The obvious route for a found-footage superhero movie is surely in the Kick-Ass/Super mould: a wannabe dressing up in a funny costume and setting out to fight crime, in the real world. Trank and screenwriter Max Landis have grander ambitions, however, setting their sights on characters who develop Superman-esque powers. It means the movie isn’t as low-budget and independently-produced as you might have expected (although clearly not high-budget, it’s full of special effects, and was released by 20th Century Fox), but it does retain a more subversive element — for one, that great responsibility doesn’t necessarily follow great power.
The story sees high school senior Andrew (Dane DeHaan) decide to start filming everything in his life, thanks to his borderline-abusive alcoholic father (Michael Kelly) and terminally ill mother (Bo Petersen). The same day (what a coincidence!), his cousin and only friend, Matt (Alex Russell), takes him to a party where, along with most-popular-kid-in-school Steve (Michael B. Jordan), they discover a hole in the woods with mysteries inside… Days later, all three begin to develop telekinetic powers, which they learn they can levy in various incredible ways — those ways being super, but largely without the heroic…
Which, in case you misread me, is not to say the boys become supervillains. Rather, they do what a lot of teenage lads would do: throw balls at each other with their mind; eat Pringles without having to pick up the can; use a leaf blower on a girl’s skirt; and so on. Using the found-footage style naturally, the friends experiment with their abilities, gradually increasing them, and bonding in the process. The story isn’t short of action or incident (some might disagree), but is equally character-focused, presenting individuals who are more rounded and believable people than your average superhero characters.
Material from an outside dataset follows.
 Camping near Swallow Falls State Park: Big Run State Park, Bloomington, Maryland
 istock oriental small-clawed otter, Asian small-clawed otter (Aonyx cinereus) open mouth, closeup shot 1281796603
This is even more pronounced in the extended version (“extended director’s cut” in the US), which includes over five minutes of extra bits that, in my opinion, make it a superior edit. Some are minor in impact, true, but there are a couple of short sequences with Andrew and Steve that deepen their relationship further, which enriches events at the end of act two. There’s also a moment that subtly prefigures the climax, and an extra bit in said finale that seems nigh-on essential to me. Considering the film still runs (just under) 90 minutes even with these additions, it’s difficult to see why they were cut in the first place. “Pace” is usually the rational for that, but if this is indeed a Director’s Cut then clearly Trank didn’t think they were an issue; equally, I can’t see why Fox would have objected. Still, they’re here to enjoy on Blu-ray…. though not on DVD… and I guess they’re not in TV screenings… Tsk.
Some accuse the film of being clichéd and predictable, which I don’t hold much truck with. It’s not twist-filled, but I felt the characters and their interactions grew naturally — if you can see where it’s going, it’s because it’s well-constructed, not because it’s how every movie does it. The time invested in growing our relationship with all three lead characters pays off increasingly as the movie rolls on, too, so that the climax is about more than just spectacle.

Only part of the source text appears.